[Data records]
━━━━━━

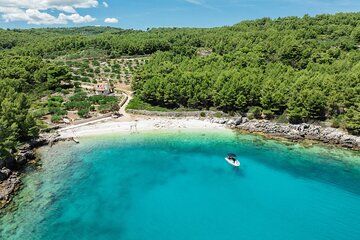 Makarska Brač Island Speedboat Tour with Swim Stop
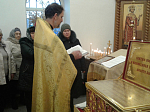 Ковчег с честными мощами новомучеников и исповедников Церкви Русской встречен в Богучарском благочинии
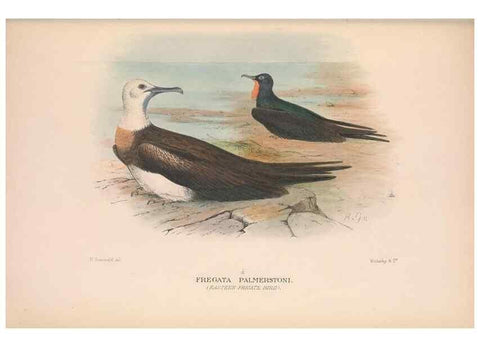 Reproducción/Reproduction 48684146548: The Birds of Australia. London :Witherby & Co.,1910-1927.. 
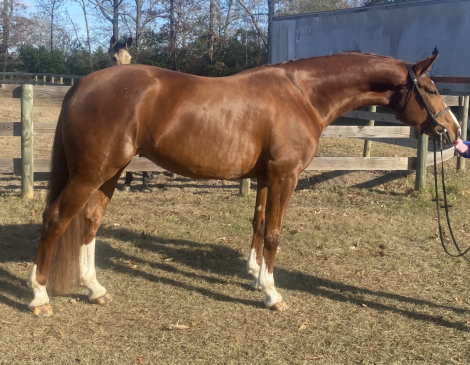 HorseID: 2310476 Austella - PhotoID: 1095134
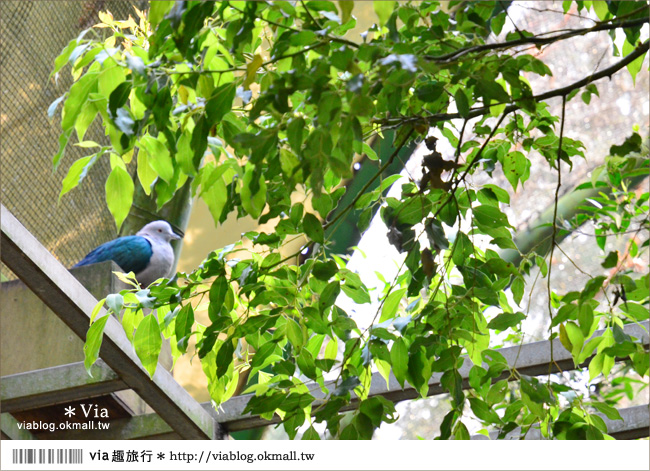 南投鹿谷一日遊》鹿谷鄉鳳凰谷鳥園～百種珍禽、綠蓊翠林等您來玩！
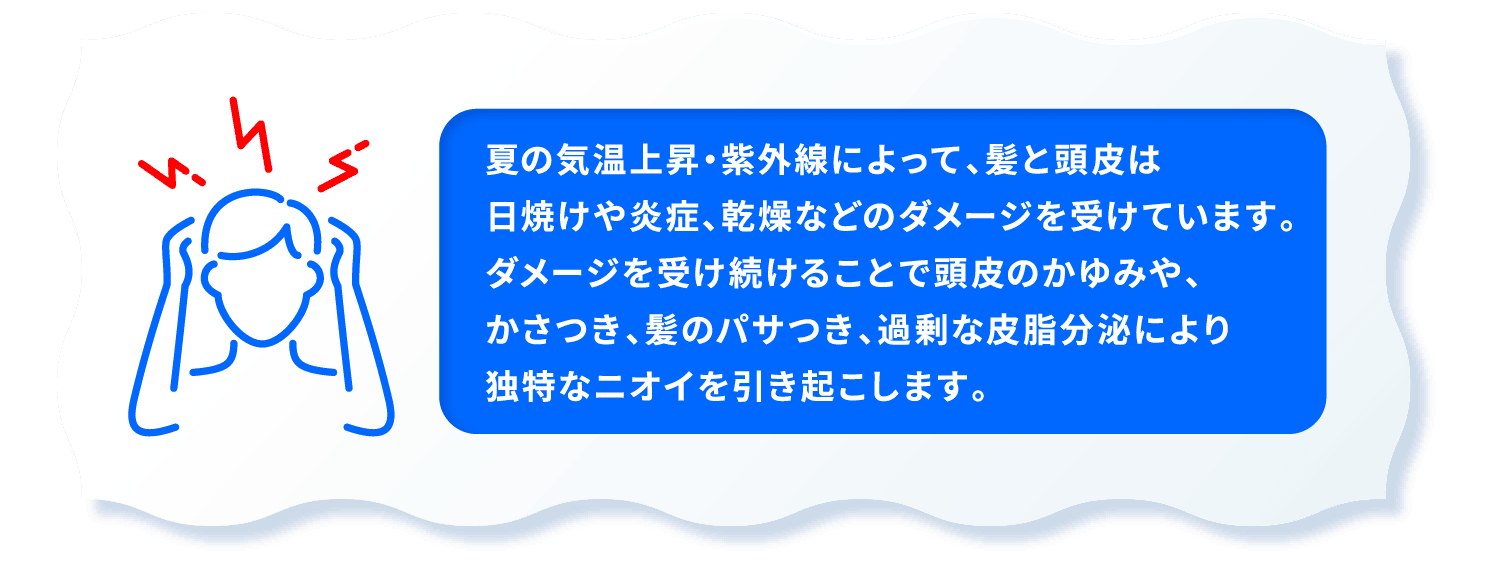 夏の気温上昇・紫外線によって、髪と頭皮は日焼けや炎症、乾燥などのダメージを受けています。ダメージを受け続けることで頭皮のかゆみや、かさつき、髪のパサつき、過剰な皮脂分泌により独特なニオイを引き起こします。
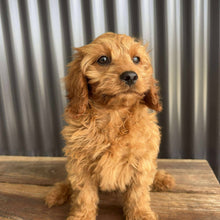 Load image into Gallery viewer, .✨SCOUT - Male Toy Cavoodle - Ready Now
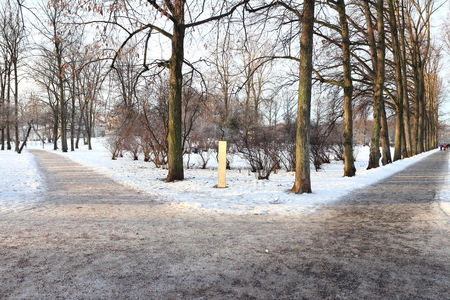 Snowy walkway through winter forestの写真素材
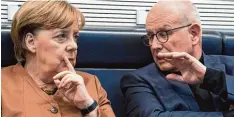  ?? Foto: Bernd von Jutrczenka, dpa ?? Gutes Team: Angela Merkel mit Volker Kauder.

━━━━━━

### Task directions:
Please output every record above exactly. Leave the pictures out.

### Answer box:
 Makarska Brač Island Speedboat Tour with Swim Stop
 Ковчег с честными мощами новомучеников и исповедников Церкви Русской встречен в Богучарском благочинии
 Reproducción/Reproduction 48684146548: The Birds of Australia. London :Witherby & Co.,1910-1927.. 
 HorseID: 2310476 Austella - PhotoID: 1095134
 南投鹿谷一日遊》鹿谷鄉鳳凰谷鳥園～百種珍禽、綠蓊翠林等您來玩！
 夏の気温上昇・紫外線によって、髪と頭皮は日焼けや炎症、乾燥などのダメージを受けています。ダメージを受け続けることで頭皮のかゆみや、かさつき、髪のパサつき、過剰な皮脂分泌により独特なニオイを引き起こします。
 Load image into Gallery viewer, .✨SCOUT - Male Toy Cavoodle - Ready Now
 Snowy walkway through winter forestの写真素材
  ?? Foto: Bernd von Jutrczenka, dpa ?? Gutes Team: Angela Merkel mit Volker Kauder.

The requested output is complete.